Rhyme and Reason in Cipriano de Rore's Canon Madrigals

Benjamin Dobbs, Independent Scholar

Cipriano de Rore's madrigals are repeatedly cited as exemplars of the genre by both contemporaneous and modern writers. Giovanni Bardi noted Rore's attention in crafting a musical style that reflects the subtleties of the text, a characteristic for which Giulio Cesare Monteverdi credits the composer as one of the founders of the seconda prattica. More recently, James Haar posits that Rore's madrigali cromatici served as textbook examples for later composers, and Don Harrán observes the textural ingenuity that Rore achieves in writing for five voices at a time when most madrigals were written for four voices. Three of Rore's madrigals stand out for the balance that he attains between inventive flexibility and strict contrapuntal technique through the medium of the canon.

Rore's canon madrigals (Alcun non può saper (1557), Come la notte (1557), and Convien ch'ovunque sia (1566)) are set for five voices: one voice contains a canon, one presents the resolution, and three flow between free and imitative counterpoint. Ludovico Ariosto's epic Orlando furioso (1516), written in ottava rima, provides the text for each madrigal.
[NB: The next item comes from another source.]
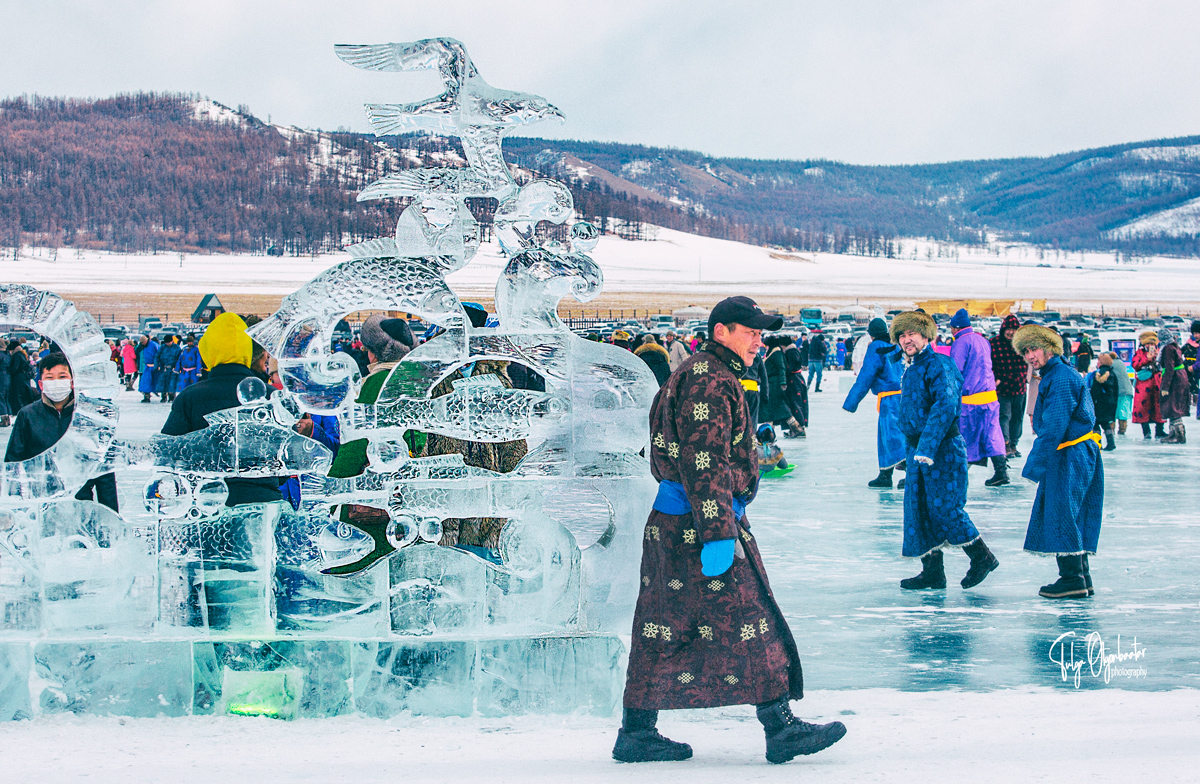 ice sculpture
Analysis of the pieces individually and as a unified subset of Rore's output reveals that, while the nuanced canonic techniques and refined formal strategies found in these three madrigals reflect the intricate relationship of musical and poetic conventions surrounding the form of the ottava rima, the individuality of each madrigal is maintained through Rore's careful reading of each text.